When i saw the 8 bay Drobo, i was excited.... until i saw the $1800 price tag. 8 Drives under raid 6 with battery backup... it really did make me think, but it uses it's own custom raid type solution for storage, which seems to work well, but it's designed as a Desktop Area Storage, rather than a Network device (but it can be used on a network), so its throughput suffers. But for this, 6 bays is good enough, 8TB in Raid 6 (6 x 2TB drives minus 2 drives for RAID 6, if supported), all strapped onto a gigabit network (dual gigabit would be nice), i'm guessing $1200-$1400 with partial populated drive bays (4TB maybe), but i would like to be wrong and have it for less.

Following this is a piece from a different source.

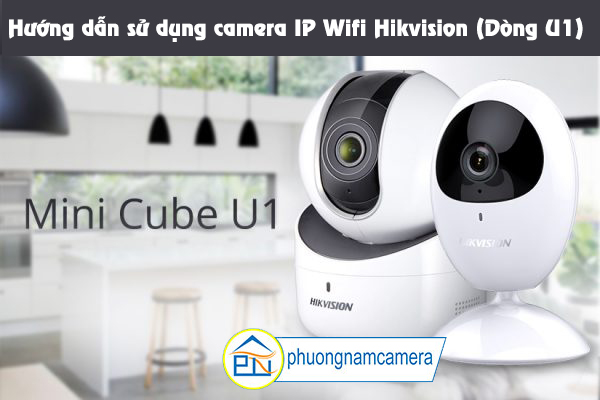 Hướng dẫn sử dụng camera IP Wifi Hikvision (Dòng U1)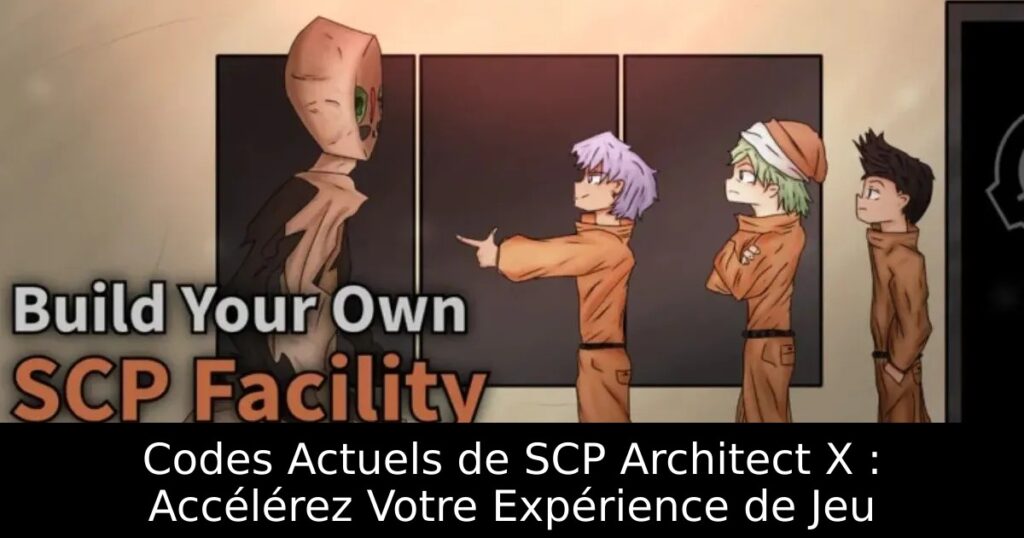 Codes Actuels de SCP Architect X : Accélérez Votre Expérience de Jeu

I really do like the idea of NAS's in general. As the amount of storage goes up, it gets harder to keep track of it, so having a single device that you can save everything to (backed up with a second - similarly configured device), it just makes things so much easier. I have 4 hard drive, 2x500GB, 1x1TB and 1x1.5TB, and i'm storing about 2.2TB worth of data on the lot. It's now getting to the point whereby i'm forgetting where i put stuff, since as one fills up, i have to move stuff over to another drive etc, i lack hardware support for raid 5 and i'm not confident in a software RAID solution. So a multi-bay NAS is looking very enticing to me. I looked at 2 bay NAS's, then thought, i'd fill that up in no time. 4 Bay, much better, can run RAID 5, gives me a single drive redundancy, but then i'm left with 3 drives of storage, so not much better than a 2 bay. 5 Bay's are a good compromise, but then as you increase the number of drives, failure starts to become more of a problem. So 6 bays with Raid 6, giving 4 drives of storage and double redundancy.... yup, that's a lot more interesting to me.
EDIT:
And my dreams have been partially shattered.... It's not a 6 bay (should have looked at the picture more closely). It's a 4 bay + 2 eSATA connections. On the up side, it has gigabit, 1GB ram, 256-bit AES encryption and hot-swap.